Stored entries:
+ + + +

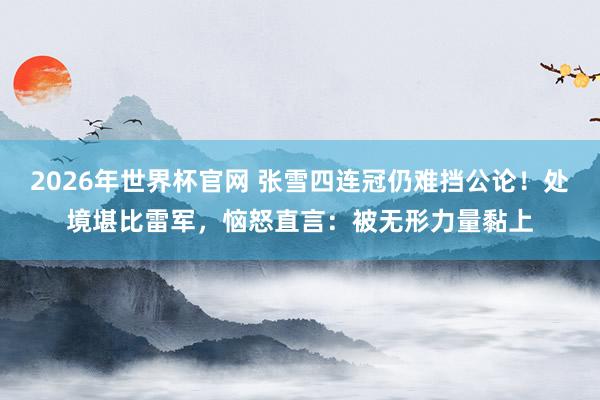 2026年世界杯官网 张雪四连冠仍难挡公论!处境堪比雷军,恼怒直言:被无形力量黏上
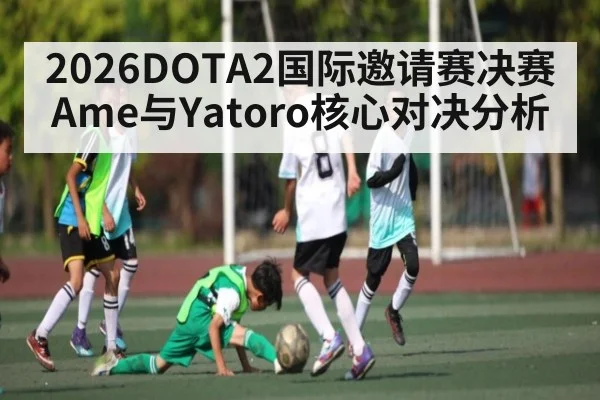 2026DOTA2国际邀请赛决赛Ame与Yatoro核心对决分析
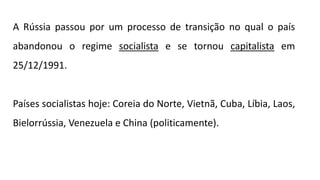 A Rússia passou por um processo de transição no qual o país
abandonou o regime socialista e se tornou capitalista em
25/12/1991.
Países socialistas hoje: Coreia do Norte, Vietnã, Cuba, Líbia, Laos,
Bielorrússia, Venezuela e China (politicamente).
 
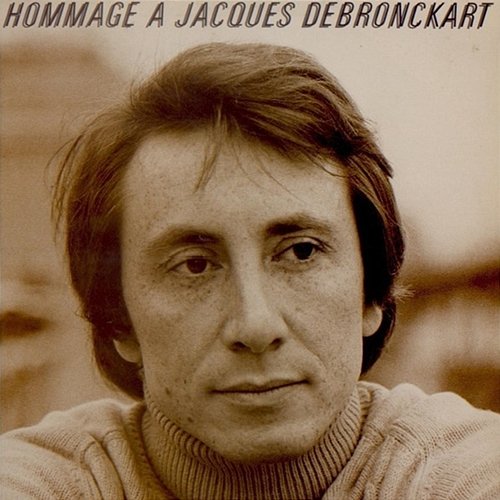 Hommage à Jacques Debronckart Jacques Debronckart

+ + + +

*WHAT YOU ARE ASKED TO DO*: Omit the pictures and print again exactly the lines from the one with "Países socialistas hoje: Coreia" through the final line of the entries, both ends included.

*TASK SOLUTION*:
Países socialistas hoje: Coreia do Norte, Vietnã, Cuba, Líbia, Laos,
Bielorrússia, Venezuela e China (politicamente).
 
 Hommage à Jacques Debronckart Jacques Debronckart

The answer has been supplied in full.